TASK TO CARRY OUT
Of the entries below, return only those lines from the line with "фото Диски ps 3" to the line with "[FIGURINE] JoJo's Bizarre", exactly, both included.

RECORDS FOR THIS EXERCISE
—————
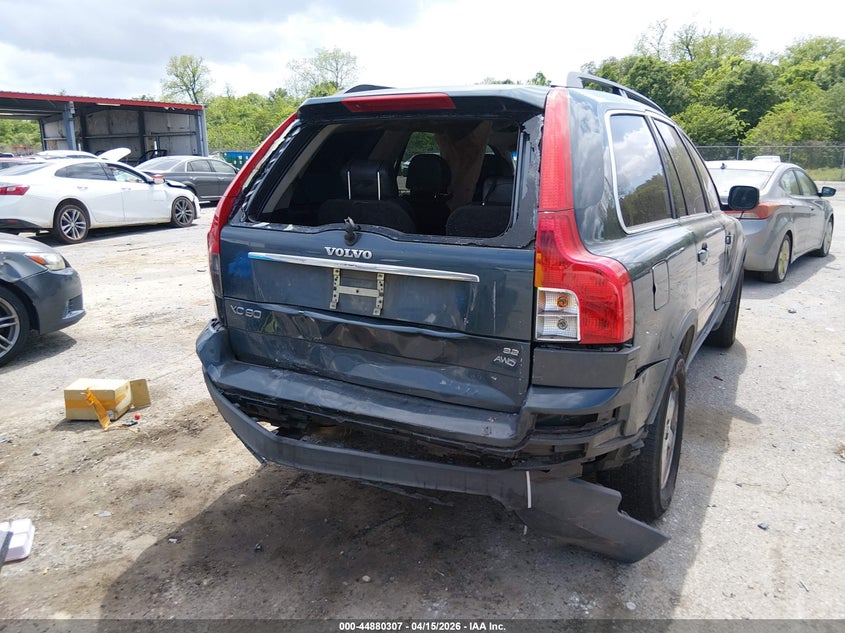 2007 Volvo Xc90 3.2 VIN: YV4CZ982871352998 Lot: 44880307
—————
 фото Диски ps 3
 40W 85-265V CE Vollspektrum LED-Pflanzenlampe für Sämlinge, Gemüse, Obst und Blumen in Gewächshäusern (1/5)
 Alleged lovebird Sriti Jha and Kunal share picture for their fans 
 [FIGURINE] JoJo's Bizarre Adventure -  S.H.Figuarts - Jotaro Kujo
—————
OUTPUT FOR THIS EXERCISE
 фото Диски ps 3
 40W 85-265V CE Vollspektrum LED-Pflanzenlampe für Sämlinge, Gemüse, Obst und Blumen in Gewächshäusern (1/5)
 Alleged lovebird Sriti Jha and Kunal share picture for their fans 
 [FIGURINE] JoJo's Bizarre Adventure -  S.H.Figuarts - Jotaro Kujo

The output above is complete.